12:00 AM CDT on Saturday, May 3, 2008

By SCOTT CANTRELL / The Dallas Morning News
scantrell@dallsnews.com

American avant-garde composer Henry Brant, who died April 26 at 94, was famous for compositions widely spacing separate groups of performers.

FILE 1999/The Associated Press
FILE 1999/The Associated Press
Henry Brant was an adventurous American composer best known for his spatial music.

He created one of his more extravagant spatial works, Prisons of the Mind, for the opening season of

the Meyerson Symphony Center.

Premiered in April 1990, it called for 314 performers scattered around the hall, even in the reverberance chambers hidden behind grilles at the front and upper sides of the room.

Led by the late James Rives Jones, the Dallas Symphony Orchestra's resident conductor, the piece divided the DSO in two and added two brass bands, two steel-drum bands and two additional bands of winds, saxophones, brass and percussion.

"It was quite an extravaganza," recalls Victor Marshall, the DSO's veteran artistic administrator.

"We had steel bands up in the reverb chambers. We used some ensembles from UNT.

"We had sort of struck up a relationship with Brant.
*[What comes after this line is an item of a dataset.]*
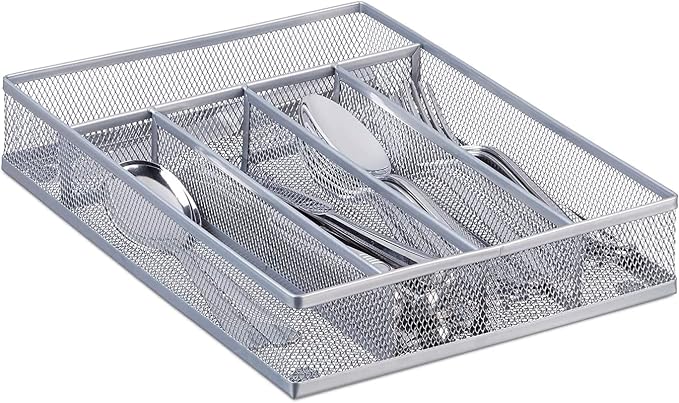 COSWE Silverware Tray for Drawer, Silverware Organizer, Metal Drawer Organizer Kitchen Utensils with Foam Feet Multi Compartments Cutlery Organizer in Drawer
Jim Jones had conducted a couple of his works in the old Discovery Series at the Majestic Theatre."

Hard to imagine the DSO doing anything so daring these days.

The title alludes to the 18th-century Italian artist Giovanni Battista Piranesi, whose Imaginary Prisons engravings supposedly inspired architect I.M. Pei's design for the Meyerson lobbies.